Кун и, в большей степени, Фейерабенд и Лакатос уделяют особое внимание элементам прерывности в развитии науки, концептуальной пропасти между различными теориями. Я не хочу умалять значение того, что им удалось понять, но все же думаю, что они недооценивают накопительное свойство науки, которое столь же неоспоримо и которое играет для ее развития решающую роль, особенно в моменты наибольших изменений. Они не замечают, что в ходе научных революций меняется не то, чего можно было ожидать, а то, чего никто не ожидал.
Один из примеров – Эйнштейн, современный поборник концептуальных новшеств и научных революций.

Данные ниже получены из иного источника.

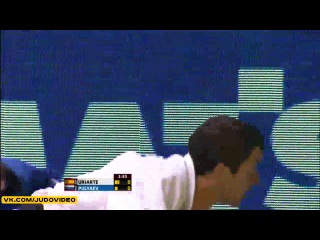 2013 World Championships Rio (-66kg Repechage) URIARTE Sugoi (ESP) - PULYAEV Mikhail (RUS)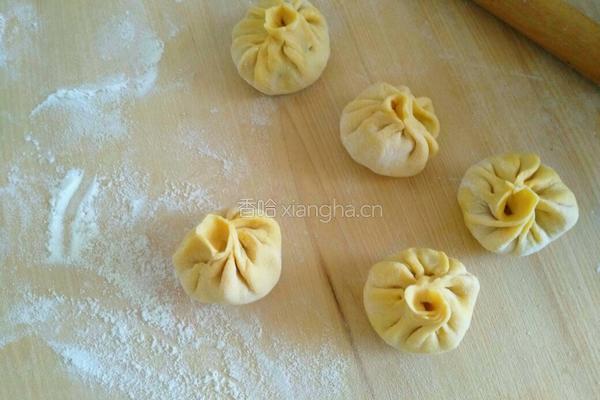 香菇土豆茄子包子的做法图解12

Когда в 1905 году Эйнштейн выдвинул специальную теорию относительности, он сделал это в ответ на кризис, подобный описанному Куном: галилеевско-ньютоновская относительность, казалось, не могла объяснить все результаты наблюдений. В частности, она казалась несовместимой с электромагнитной теорией Максвелла, эффективность которой для описания мира на рубеже веков становилась все более очевидной. В духе прерывности Куна или в соответствии с гипотетико-дедуктивной догмой для разрешения кризиса следовало создать новый теоретический фундамент, который бы радикальным образом отходил от теоретических предпосылок Галилея, Ньютона и Максвелла или совпадал с ними только в части эмпирических следствий.
Однако Эйнштейн сделал отнюдь не это. Он преуспел, руководствуясь противоположной стратегией: он допустил, что относительность Галилея и Ньютона в основе своей верна: в частности, верны идеи эквивалентности инерциальных систем отсчета и относительности скорости. Помимо этого, он допустил, что уравнения Максвелла и важнейший аспект теории Максвелла – существование физических полей – также верны. То есть он принял базовые качественные аспекты успешных теорий – те самые аспекты, которые, по мнению Куна, отвергаются в ходе научной революции! Объединение этих двух, казалось бы, противоречивых допущений стало возможным благодаря отказу от третьей гипотезы – об абсолютной одновременности, и этого оказалось достаточно для появления нового синтеза – специальной теории относительности. Эта третья гипотеза ранее негласно предполагалась, но никогда не высказывалась в явном виде. Она считалась присущей самому понятию временности и, таким образом, фактически априорным условием мышления.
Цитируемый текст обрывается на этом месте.